WHAT YOU HAVE TO DO -
From the line containing "Hi everyone, welcome" to the line containing "So this would" in the entries below, reproduce every line exactly, ends included. Nothing else belongs in the copy, and no pictures.

AVAILABLE DATA -
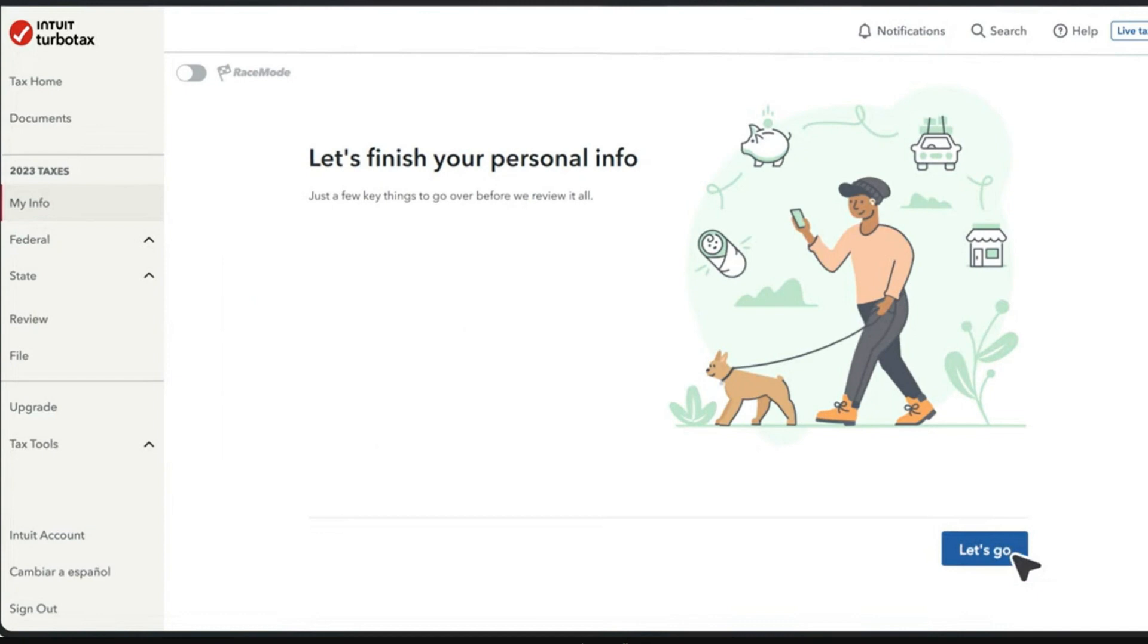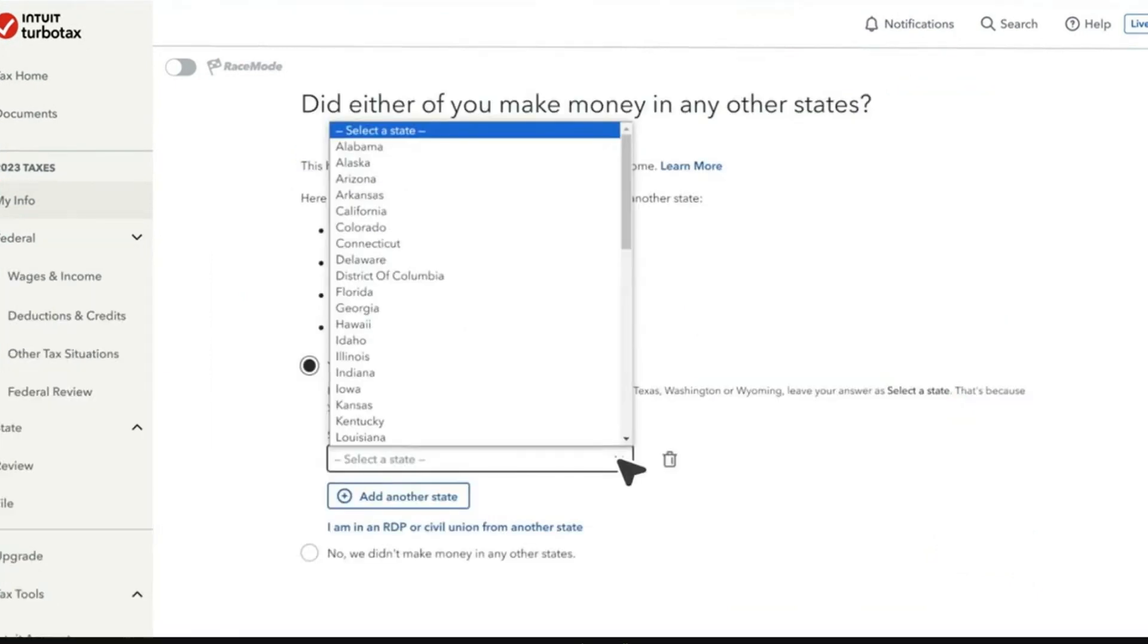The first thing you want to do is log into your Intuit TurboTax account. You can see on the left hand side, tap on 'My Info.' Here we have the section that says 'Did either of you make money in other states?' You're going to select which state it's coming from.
==
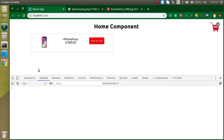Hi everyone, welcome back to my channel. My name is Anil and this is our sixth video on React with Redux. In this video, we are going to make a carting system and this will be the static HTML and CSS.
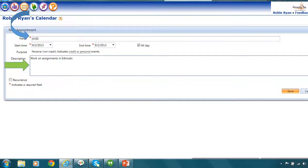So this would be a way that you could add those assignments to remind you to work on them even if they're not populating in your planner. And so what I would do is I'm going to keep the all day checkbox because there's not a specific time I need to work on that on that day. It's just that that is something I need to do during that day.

YOUR RESPONSE -
Hi everyone, welcome back to my channel. My name is Anil and this is our sixth video on React with Redux. In this video, we are going to make a carting system and this will be the static HTML and CSS.
So this would be a way that you could add those assignments to remind you to work on them even if they're not populating in your planner. And so what I would do is I'm going to keep the all day checkbox because there's not a specific time I need to work on that on that day. It's just that that is something I need to do during that day.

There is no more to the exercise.